INSTRUCTION: A 16-bit value representing a computer operation. The value of INSTRUCTION must be held stable from the beginning of its execution (the assertion of START) to the end of its execution (the assertion of READY).
ADDRESS OUT: A 4-bit output that provides the binary address of a desired memory word.
DATA IN: A 4-bit input that accepts a data word from memory.
DATA OUT: A 4-bit output that provides a data word to be stored in memory.
WRITE ENABLE: A 1-bit output that enables a memory write.

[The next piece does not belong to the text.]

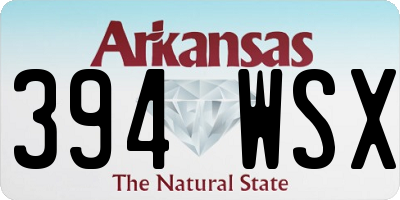 AR license plate 394WSX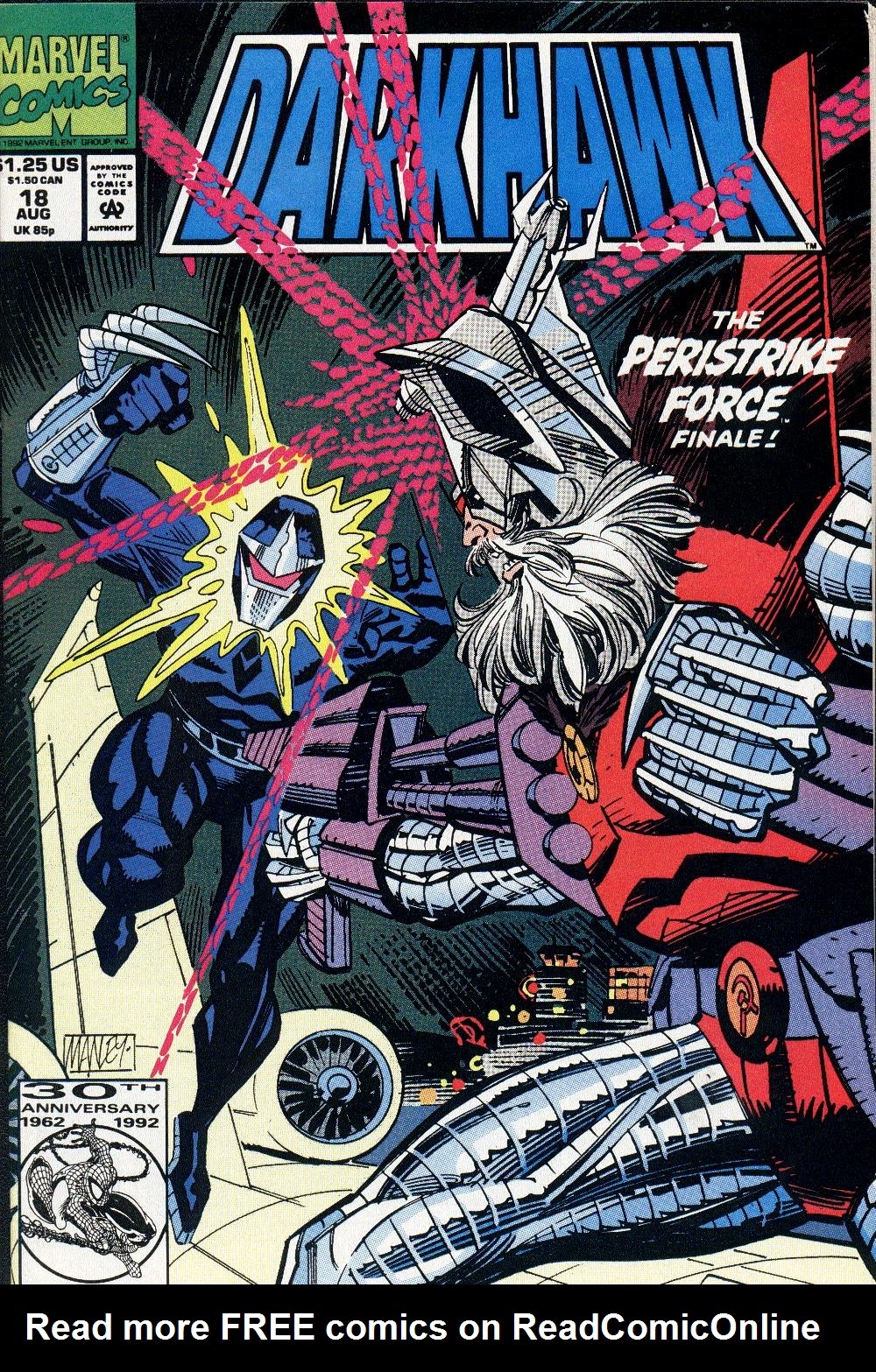 Read online Darkhawk (1991) comic -  Issue #18 - 1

Upon initialization (via the RESET input) the microprocessor asserts READY and awaits its first instruction. Once the instruction is stable, the external system must assert START to indicate that the instruction should be executed. READY is disserted while the microprocessor executes the given operation. Once finished, the microprocessor asserts READY and awaits its next instruction.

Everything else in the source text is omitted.